In 50 years, I've met exactly 35 people who share my first name. With two exceptions, every time, it has given us a special feeling of kinship. I'm the only one I know who has counted. There were three of us named Cherise in my class in high school, and the other two are the exceptions. Normally, three women sharing a first name isn't a problem, but with a rare name such as ours, it was.

A guy ran up to me in gym class and proudly announced, "I voted for you for Homecoming Queen!"
"I'm not running," I told him.
"Huh? But your name is on the ballot." He smiled at me. "Maybe someone else signed you up!"
"Nope. Cherese ____ is running."
He looked dumbfounded. Cherese ____ and I couldn't look any more different. Literally, black and white! LOL!

There is at least one other Cherise Kelley online. She is blonde and 20 years younger than I am. Kelley is her maiden name, so I hold out hope that perhaps hers will change.

I love my first name, and I'm so glad my parents spelled it right! Cherise translates to cherry from Old French to English. Not cherries, which it does kind of sound like, but cherry. Modern French for cherry is cerise. In 1989, I visited a French friend where she grew up, in Paris. She and her family and friends found my name just as rare there as it is here in the US.

Cherise is my real name. I'm not French, though. My parents found my name in a book of baby names. I grew up before everyday people had Internet access, so I didn't know the meaning of my name until 8th grade Spanish class. I told the teacher my name and he told me my Spanish name was Cereza. I looked that up and it translated to cherry in English.

Nicknames? My dad's parents thought Cherise was too weird a name to call a little girl, so they called me by a name that was more common in my childhood, Sherry. It stuck. My whole family still calls me that, but we spell it Cheri. In French, that is pronounced share EE, and it translates to dear one in English. To my mom and my sister, I'm Cher. I've had odd nicknames, though. Cherries. Reeses. My friend's dad called me Chartreuse.

A black co-worker gave me my favorite odd nickname: Cyd (For Cyd Charisse, the white 1940s actress and dancer best known for the movie "Singin' in the Rain"). He would say it enthusiastically whenever he saw me, "Cyd!" People's reactions were funny. Even in the early 1980s, almost no one remembered poor Cyd Charisse.
 
In the late 1970s, a guy my age told me that from hearing my name before we were introduced, he expected me to be more of a model, more glamorous. When an older lady heard my name in the early 1990s, she said, "Yeah, that's a 60s name! It's pretty groovy!" Yes, I was born in the 60s, so that makes sense.

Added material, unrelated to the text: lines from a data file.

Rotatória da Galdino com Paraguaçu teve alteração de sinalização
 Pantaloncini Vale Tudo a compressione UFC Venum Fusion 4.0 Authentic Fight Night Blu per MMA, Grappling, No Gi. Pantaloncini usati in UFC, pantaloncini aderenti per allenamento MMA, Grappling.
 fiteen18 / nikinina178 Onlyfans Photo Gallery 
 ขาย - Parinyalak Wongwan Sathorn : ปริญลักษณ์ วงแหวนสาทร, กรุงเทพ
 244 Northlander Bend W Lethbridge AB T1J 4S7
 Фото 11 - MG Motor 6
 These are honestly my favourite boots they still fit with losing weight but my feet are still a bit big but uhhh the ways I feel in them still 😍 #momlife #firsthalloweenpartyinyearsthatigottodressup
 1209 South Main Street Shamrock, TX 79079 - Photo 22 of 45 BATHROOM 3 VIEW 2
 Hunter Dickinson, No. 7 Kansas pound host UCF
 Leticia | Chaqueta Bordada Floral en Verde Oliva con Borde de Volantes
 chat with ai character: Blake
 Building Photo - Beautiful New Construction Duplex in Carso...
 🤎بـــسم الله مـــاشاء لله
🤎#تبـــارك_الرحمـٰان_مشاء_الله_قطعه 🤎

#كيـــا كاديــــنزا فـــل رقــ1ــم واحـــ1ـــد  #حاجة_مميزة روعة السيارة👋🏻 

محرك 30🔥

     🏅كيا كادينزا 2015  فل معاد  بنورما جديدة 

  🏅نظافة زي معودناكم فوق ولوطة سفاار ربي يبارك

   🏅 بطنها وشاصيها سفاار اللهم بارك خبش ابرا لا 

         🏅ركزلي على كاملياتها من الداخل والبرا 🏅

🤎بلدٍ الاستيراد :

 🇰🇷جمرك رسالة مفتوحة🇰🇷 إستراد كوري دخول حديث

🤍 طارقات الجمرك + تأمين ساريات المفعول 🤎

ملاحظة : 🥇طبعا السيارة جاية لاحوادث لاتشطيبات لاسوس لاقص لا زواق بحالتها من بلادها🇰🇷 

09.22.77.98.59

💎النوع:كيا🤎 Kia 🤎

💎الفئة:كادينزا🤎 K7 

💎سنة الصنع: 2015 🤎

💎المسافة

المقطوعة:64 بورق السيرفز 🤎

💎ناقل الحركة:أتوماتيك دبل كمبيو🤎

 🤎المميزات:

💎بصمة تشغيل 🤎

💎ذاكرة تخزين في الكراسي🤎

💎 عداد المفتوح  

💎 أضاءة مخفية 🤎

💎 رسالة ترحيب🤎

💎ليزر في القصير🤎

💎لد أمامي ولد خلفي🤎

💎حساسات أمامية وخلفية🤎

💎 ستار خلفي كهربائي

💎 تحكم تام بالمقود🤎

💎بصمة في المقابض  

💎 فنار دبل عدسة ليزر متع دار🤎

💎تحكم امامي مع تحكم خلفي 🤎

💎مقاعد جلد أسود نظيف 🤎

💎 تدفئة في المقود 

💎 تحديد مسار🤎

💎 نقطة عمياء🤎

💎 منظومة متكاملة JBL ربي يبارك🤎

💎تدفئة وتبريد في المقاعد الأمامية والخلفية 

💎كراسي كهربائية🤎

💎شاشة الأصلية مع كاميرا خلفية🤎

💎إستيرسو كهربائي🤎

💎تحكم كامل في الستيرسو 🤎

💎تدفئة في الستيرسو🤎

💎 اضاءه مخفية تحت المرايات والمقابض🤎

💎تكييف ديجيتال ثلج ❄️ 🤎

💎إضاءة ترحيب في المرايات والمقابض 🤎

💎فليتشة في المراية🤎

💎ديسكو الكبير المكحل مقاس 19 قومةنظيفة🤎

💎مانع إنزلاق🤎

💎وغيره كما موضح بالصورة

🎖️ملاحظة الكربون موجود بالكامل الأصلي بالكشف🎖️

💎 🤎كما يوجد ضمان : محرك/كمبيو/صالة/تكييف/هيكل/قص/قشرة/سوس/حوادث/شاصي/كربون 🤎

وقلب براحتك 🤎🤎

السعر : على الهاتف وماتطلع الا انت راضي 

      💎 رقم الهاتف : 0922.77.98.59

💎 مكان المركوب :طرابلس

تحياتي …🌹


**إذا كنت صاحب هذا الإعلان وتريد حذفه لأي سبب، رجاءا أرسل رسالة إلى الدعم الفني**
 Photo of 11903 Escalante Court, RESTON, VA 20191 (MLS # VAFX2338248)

When I got Internet access in the late 90s, I looked my name up on various name sites that asked people if they liked their names or not. This one Cherise said she liked it, but it bothered her that even though our name is Old French, people expect her to be black.

I like that my name means something. The other day, someone said it's only recently that people have named their children by putting together sounds they find "pretty" or "cute." He pointed out that traditionally, names have had meaning.